3. Elastic Net (Combination of L1 and L2):
Elastic Net combines both L1 and L2 penalties, balancing between shrinkage (like Ridge) and feature selection (like Lasso).
It’s ideal when you want to retain some features but also simplify the model without relying too heavily on either type of regularization.

In [87]:
# L2 Regularization: Ridge Regression
ridge = Ridge(alpha=1.0)  # alpha controls the regularization strength; higher means more regularization
ridge.fit(X_train, y_train)
ridge_predictions = ridge.predict(X_test)
print("Ridge MSE:", mean_squared_error(y_test, ridge_predictions))
print("Ridge R^2 Score:", r2_score(y_test, ridge_predictions))

# L1 Regularization: Lasso Regression
lasso = Lasso(alpha=0.1)  # alpha is the regularization parameter
lasso.fit(X_train, y_train)
lasso_predictions = lasso.predict(X_test)
print("Lasso MSE:", mean_squared_error(y_test, lasso_predictions))
print("Lasso R^2 Score:", r2_score(y_test, lasso_predictions))

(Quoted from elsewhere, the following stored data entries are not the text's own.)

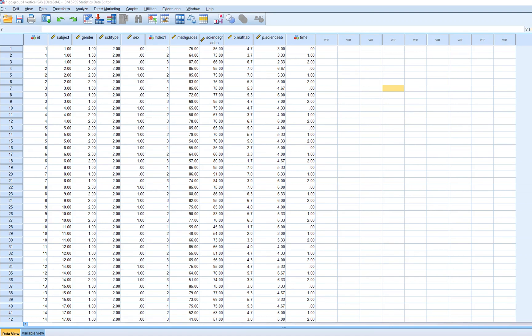In this video I'm going to further demonstrate the use of SPSS to carry out HLM with repeated measures data. In this particular demonstration we have data on about 500 students measured at three time points on a number of different variables.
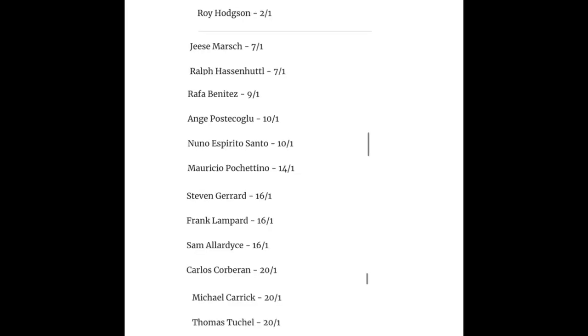First on the list of replacements is Roy Hodgson 2-1. If we got him in because he's 75 I think he'd only be there for one season before getting in another manager. Jesse Marsh 7-1, Hassan Hertel 7-1. I wouldn't mind Jesse Marsh.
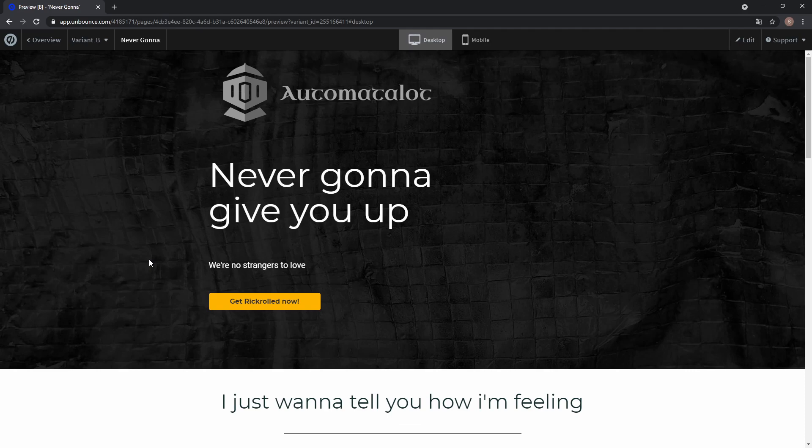Hey, this is AutomatedLot and today I want to show you how to create completely different pages for mobile and desktop on the same URL, so stay tuned!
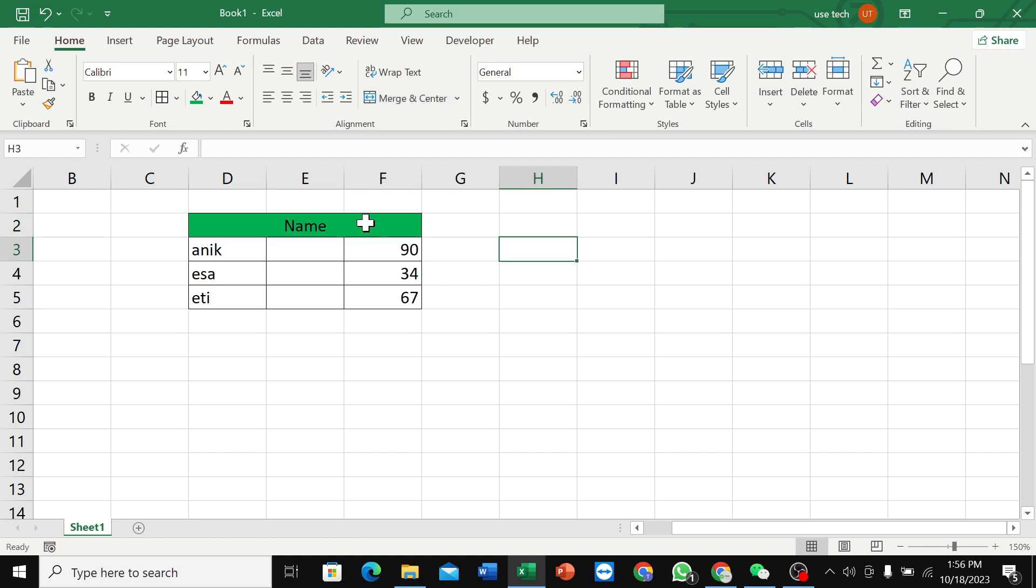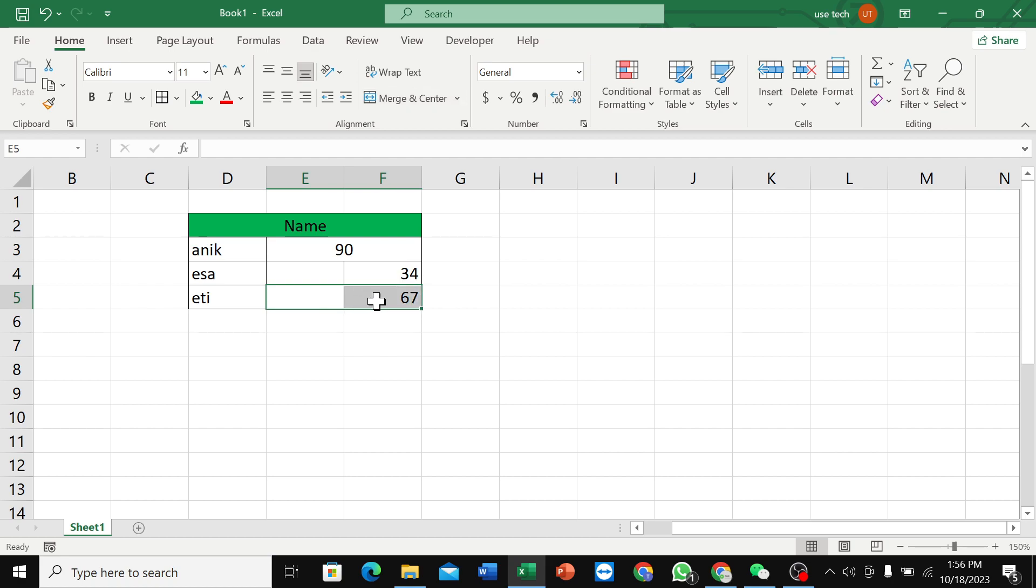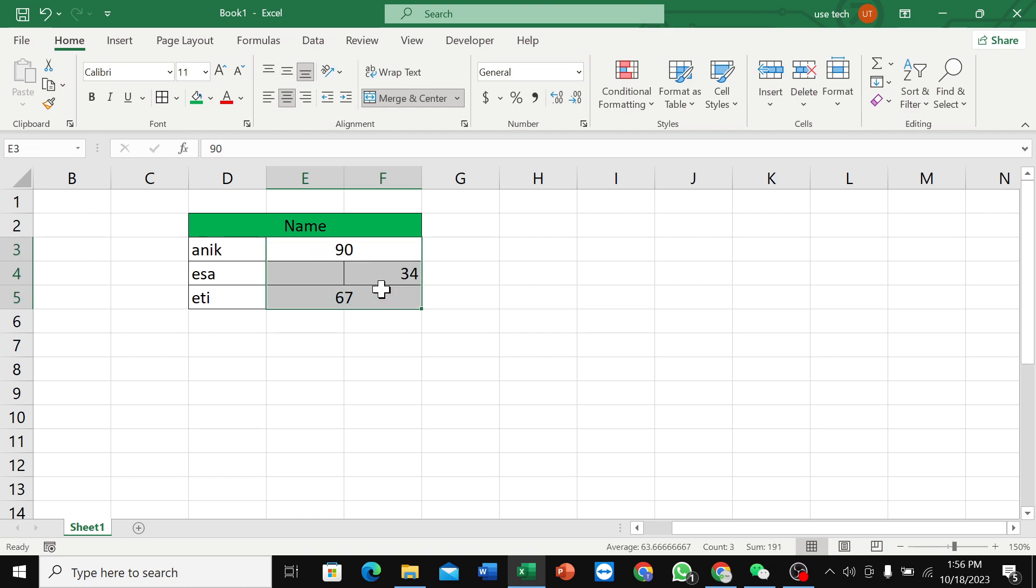So here you can see, if you want to make it a whole merge, here you can see I select. If you want to make it whole, select it and select merge.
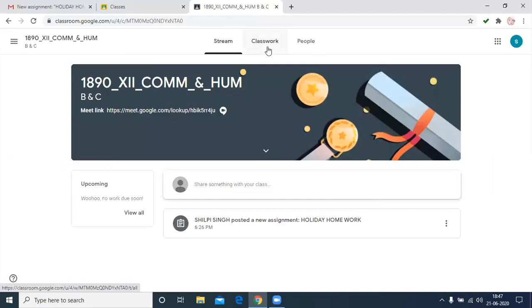Then you can also check the grades after the returning by the subject teacher. Okay. Thank you. Have a nice day.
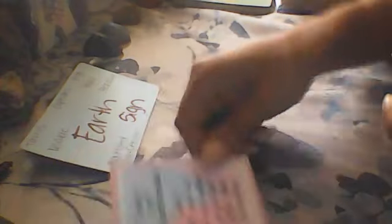Today I will reach out and help another person feel good about themselves. You could be hyping somebody up, going on being compassionate today for my Earth signs.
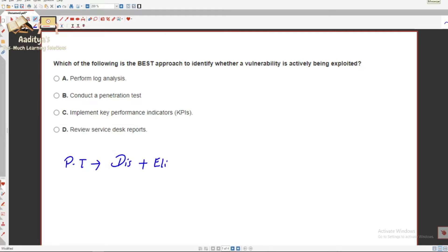Hello everyone, let's look at the next question. I always say this to everyone: whenever you are reading a question, it is very important to read it properly. Most of the time we make mistakes not because we don't understand the topic, but because we are not reading the questions actively. This is one such example — if you read these kinds of questions in the exam very fast, you may make blunders.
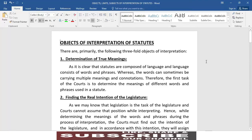Hi and Assalamu alaikum everyone. Welcome to the next lecture of the Law Life Solutions series. My name is Muhammad Atif Nazeer, advocate and lecturer. We today have to discuss the objects of interpretation of statutes. This is particularly a concepts building lecture. As Napoleon Bonaparte once said, be clear and the rest follows. Let's try to clear up some of our concepts regarding interpretation of statutes.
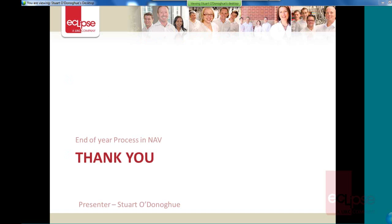Alright. Well, I hope you've got some benefit out of today's presentation. So I'd like to thank everybody for joining in on the presentation. And I'll probably see you around the trap soon. My name's Stuart O'Donoghue. Thank you very much.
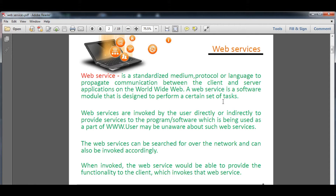Web services are invoked by the user directly, or they directly provide services to programs and software being used as part of the World Wide Web. Whenever we use the WWW, we are talking about web services. A server is responsible for sending us pages in the form of web pages or websites. The user may search for web services over the network and invoke them accordingly.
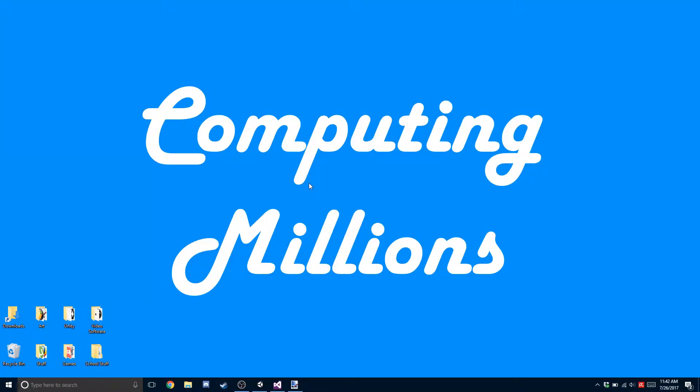Hi everyone, welcome back to Computing Millions. Today we're going to be going over commands and RPCs, which are the most important part of Unity networking in order to start synchronizing your full game and being able to actually create a game.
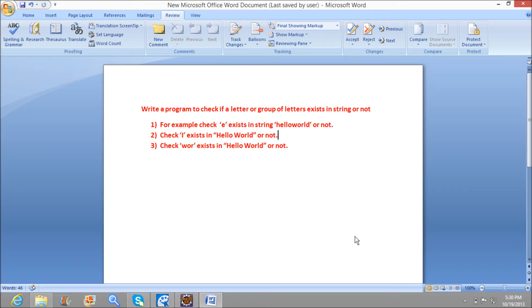Welcome to javaentryquestions.com. Today we will write a program to check if a letter or group of letters exists in a string or not.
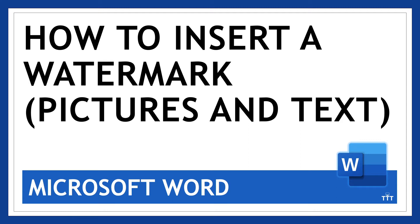As you're working with documents in Microsoft Word, it's common to need to put a watermark on them, either to say it's in draft form or it's confidential, or maybe even to put your logo on it. Microsoft Word makes it easy to do that.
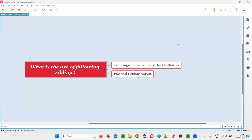Hello all, welcome to this session. In this session, I am going to answer one of the Selenium interview questions — that is, what is the use of following sibling? Let me answer.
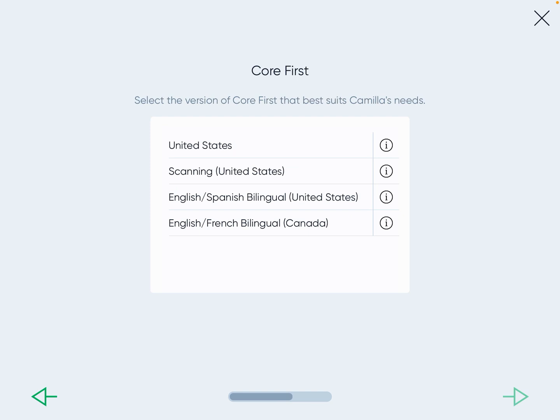Here's the important piece: United States just means it's English only. Scanning is an access method where the system scans through and uses separate buttons to access words and choose. Then you have English-Spanish bilingual and English-French bilingual — this is Canadian French. I haven't used the Canadian French one yet, but I have used the English-Spanish bilingual.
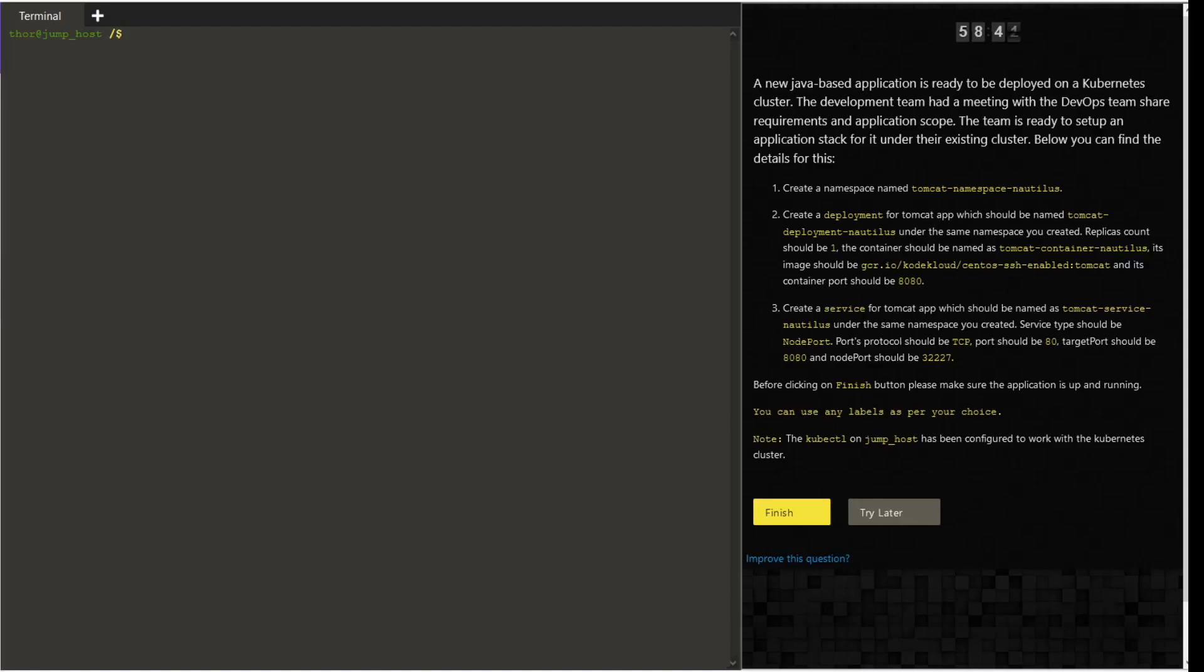Hello guys, welcome to today's task. Today we are going to create a deployment in the jump post of Nautilus.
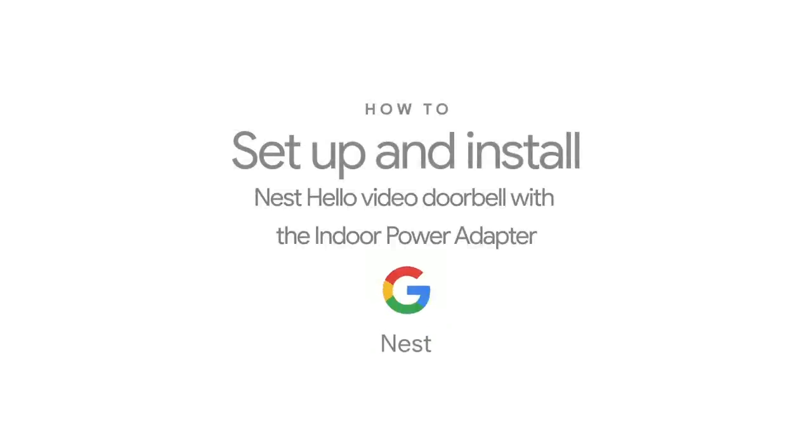Welcome to Google Nest. We're going to show you how to set up and install the Nest Hello Video Doorbell with the Indoor Power Adapter.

# L1 + L2 Regularization: Elastic Net
elastic_net = ElasticNet(alpha=0.1, l1_ratio=0.5)  # l1_ratio balances between L1 and L2 (0 = pure L2, 1 = pure L1)
elastic_net.fit(X_train, y_train)
elastic_net_predictions = elastic_net.predict(X_test)
print("Elastic Net MSE:", mean_squared_error(y_test, elastic_net_predictions))
print("Elastic Net R^2 Score:", r2_score(y_test, elastic_net_predictions))

Ridge MSE: 59572408.75693983
Ridge R^2 Score: 0.04981665448423622


  model = cd_fast.enet_coordinate_descent(


Lasso MSE: 59572227.93484804
Lasso R^2 Score: 0.049819538606998726
Elastic Net MSE: 59576903.49001714
Elastic Net R^2 Score: 0.04974496323317357


**CONCLUSION**:
<ol>
Linear Regression                           - 0.04  


Random Forest Regressor                     - -0.17


Random Forest Regressor with regularization - 0.05


Gradient Boosting Regressor                 - 0.06


Ridge Regression                            - 0.04


Lasso Regression                            - 0.04


Elastic Regression                          - 0.04
</ol>

Again in Regression model Gradient Boosting Regressor is the best model among others.